- Born: 13 May 1797 Headlam, Durham, England
- Died: 1867 (aged 69–70) Waikouaiti, New Zealand
- Scientific career
- Fields: Medicine

= William Chapman (doctor) =

British surgeon (1797–1867)

Doctor William Chapman (13 May 1797 - 1867). He was born at Headlam Hall, Durham, the second son of John Chapman Esq. and his wife Mary Chapman (née Robinson) of Alwent Hall in the County of Durham. As a young man, he went to London to train as a medical practitioner. At the age of 30 he married Sarah Lisgo of Durham and they had three sons and four daughters. At an early stage in his life he recognised the necessity for scenic reserves and recreational areas in London and he was appointed a Director of the Kew Botanical Gardens. Later he was instrumental in planting the willows along the Avon River in Christchurch, New Zealand. He was a member of the Royal College of Surgeons.

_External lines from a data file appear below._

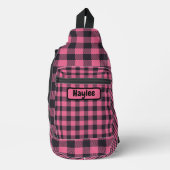 Naam Monogram Roze & Zwarte Buffel Plaid | Sling Bag (Voorkant)
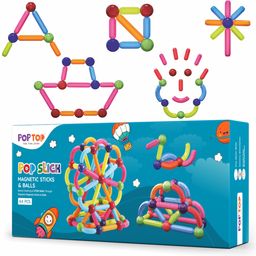 Poptop Magnetic Sticks & Balls Building Set |STEAM Learning Toy for Creative Construction (64 pcs) - Educational Toys for Toddlers 3+ Years-12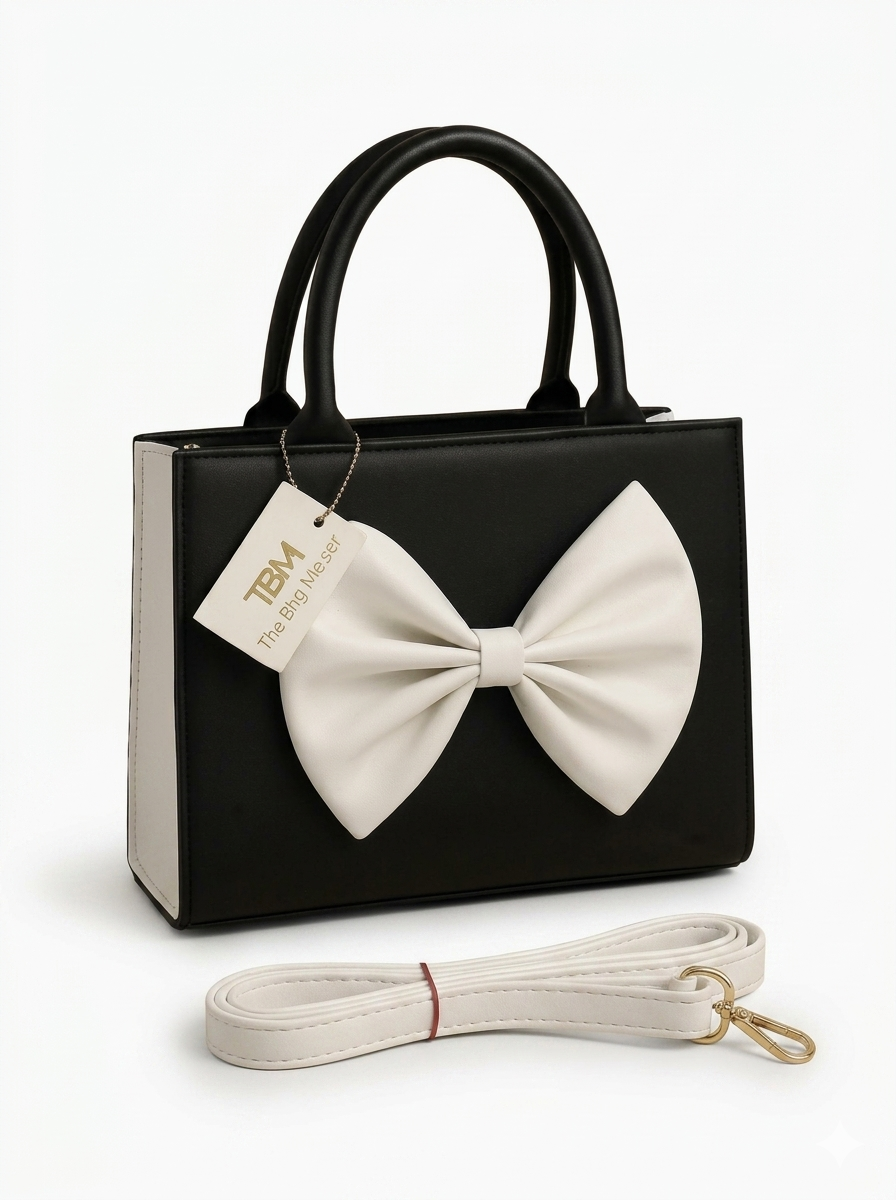 Trendyyx Leather Bow Handbag with Adjustable Strap trendyyx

Being resourceful, they decided to emigrate to New Zealand as there was a need for medical people in the Canterbury settlement. At the age of 53, he and his family embarked on the sailing ship Labuan, on which he was surgeon. This vessel carried 137 passengers bound for Port Cooper (now Lyttelton, port of Christchurch). Dr. Chapman was charged with appointing various staff (including a constable and a matron for single females) from the "most intelligent of the steerage passengers". He was also supplied with 'vaccine lymph' against smallpox and a medicine against cholera (even though the cause of cholera was yet to be discovered in 1854).

As they were not sure of the building possibilities in the new colony, Dr Chapman brought the sections of a house to be erected when they arrived, as well as furniture to furnish it with.

He brought bundles of seeds, plants and shrubs as well as a hive of bees and other items he considered useful for the new settlement. Sadly, soon after they docked, his eldest teenage son died.

From Port Cooper, the family went to Christchurch where Dr Chapman had purchased a 50 acre block of land on Lincoln Road, Addington, from the Canterbury Association for 150 NZ pounds. When he sold it, (selling off various parcels in the next ten years) he made a tidy profit of 1125NZ pounds.

At the behest of Johnny Jones (NZ pioneer/entrepreneur) in 1861, the Chapmans moved to Waikouaiti, as GP for Johnny Jones' settlement there. Dr Chapman worked there until his death. William and Sarah are both buried in St John's churchyard, Waikouaiti.

Two of their daughters married Johnny Jones' sons and became very wealthy women. William and Sarah's son, John Alwent Chapman, never married and became a businessman, moving to Dunedin probably in the early 1870s. He established himself as a mining agent and sharebroker having dealings with the Jones family. Chapman became the postmaster at Waikouaiti upon lodging of a 200NZP bond made by William Chapman and Johnny Jones.